Sometimes the tiles disintegrate into grids and although these may appear less unique and more similar to the explorations of other abstract artists, they gain a suspended lightness and contain developments which attract the eye. The grids sometimes evoke huge libraries such as in the magnificent Maze from 1975. Something different occurs in The bird cage from 1948 which explores the spatial relationship between confinement and freedom. What we see in the cage, which like all self-imposed prisons is partially open, are not recognisable birds but several colourful clumps of feathers, like shadows or reflections of a bird’s fast circular movement around the cage. Perhaps this may just be a cage with a memory of a bird. And if this is so then this painting follows the same pattern seen elsewhere of evoking the spirit of spaces, the feeling of the memory spaces retain of beings and objects who dwelt in them.

The evolution of these interiors into cityscapes seems inevitable.
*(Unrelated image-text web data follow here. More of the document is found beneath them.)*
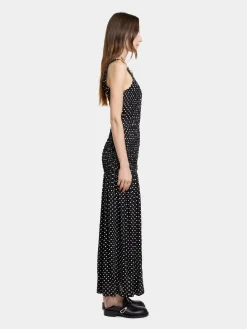 Store ROBE LONGUE EN CREPE Robes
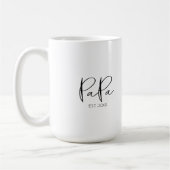 子モダン供の名前を持つパマグカップ コーヒーマグカップ (左)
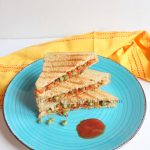 Carrot and peas sandwich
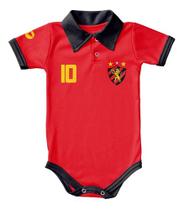 Body Sport Recife Bebe Recem Nascido Vermelho Rosa Oficial - Vermelho - G (6-9 meses)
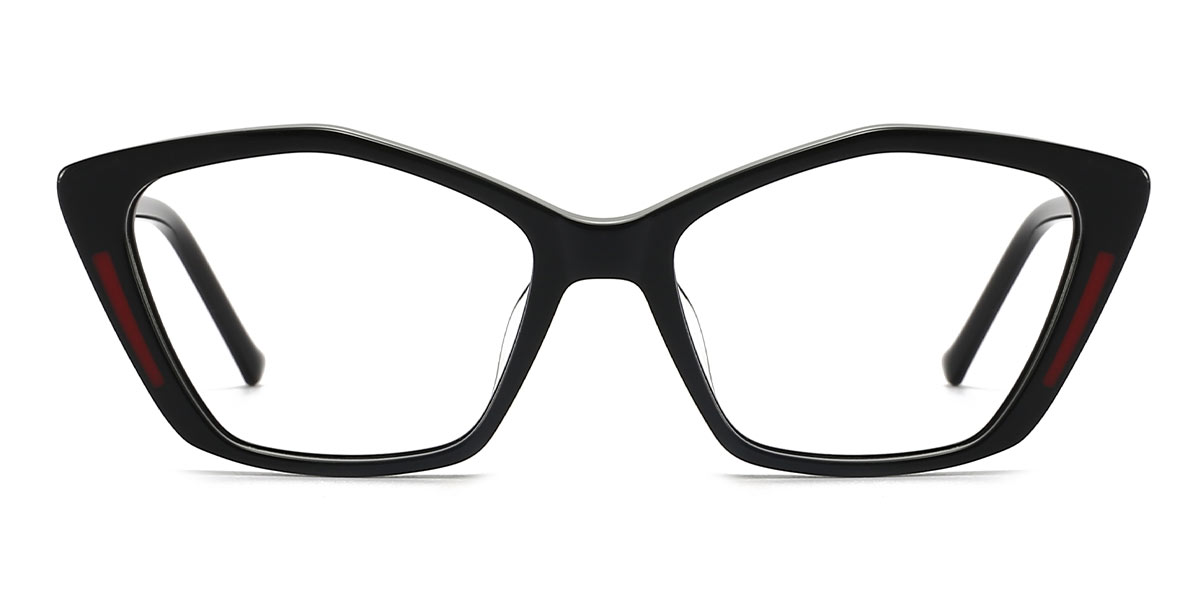 Black - Cat eye Glasses - Jazmin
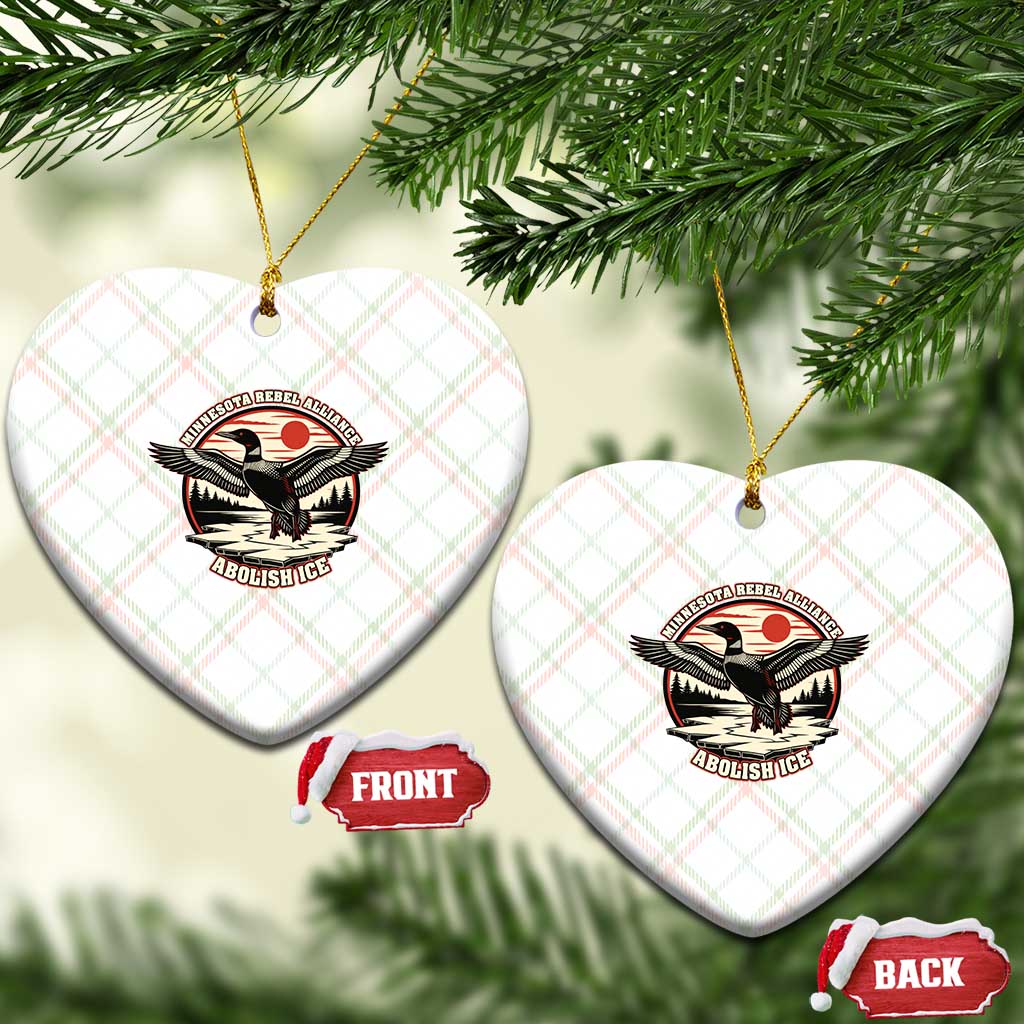 Minnesota Rebel Alliance Loon Ceramic Ornament Abolish Ice Protest TS02 Print Your Wear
We are treated to two highly accomplished cityscape abstracts from private collections. The enveloping vision of a city at night in The night city or the lights of the city from 1950 balances warm yellow-orange lights on a dark purple sky. Venetian festival from 1949 puts the ubiquitous tile motif to use again to depict a mixture of Venetian flags and harlequin outfits on a fluid blue background crossed by imaginary masts and poles. The shape of vessels and the movement of water is skilfully suggested in this three-dimensional abstract structure.

The exhibition culminates in the last room where the chronological narrative is broken and works across the painter’s output are selected for their use of the colour white which the painter increasingly turned to in her later years. In this white room a couple of Vieira da Silva’s stunning late works sit across from a few of her most remarkable earlier canvases. Equity from 1966, one of the largest paintings on display continues the theme of an enclosed rectangular space, this time stripped down, exploring the idea of its vertical symmetry. Reminiscent of Albers in its relentless geometrical logic, this development of rectangles is nevertheless created in a very different spirit which eschews Albers’ severity and remains meditatively in the domain of the human imperfection. The dialogue from 1984-88 continues this theme, reducing it further and concentrating the intricacy on the furthest side of the space, in the middle of the canvas. It is interesting to contemplate that Viera da Silva completed this painting as she was reaching eighty, still pursuing her path of abstraction.
But let’s rewind to the White composition from 1953 in the same room. Topographical phantasy of a settlement in the middle of a wide snowy landscape or a meditation on the organic purity of bluey white, a study on silence or simply yet another engaging exploration of space, either way standing in front of this painting envelops the viewer in a unique world which breathes wonder and contentment.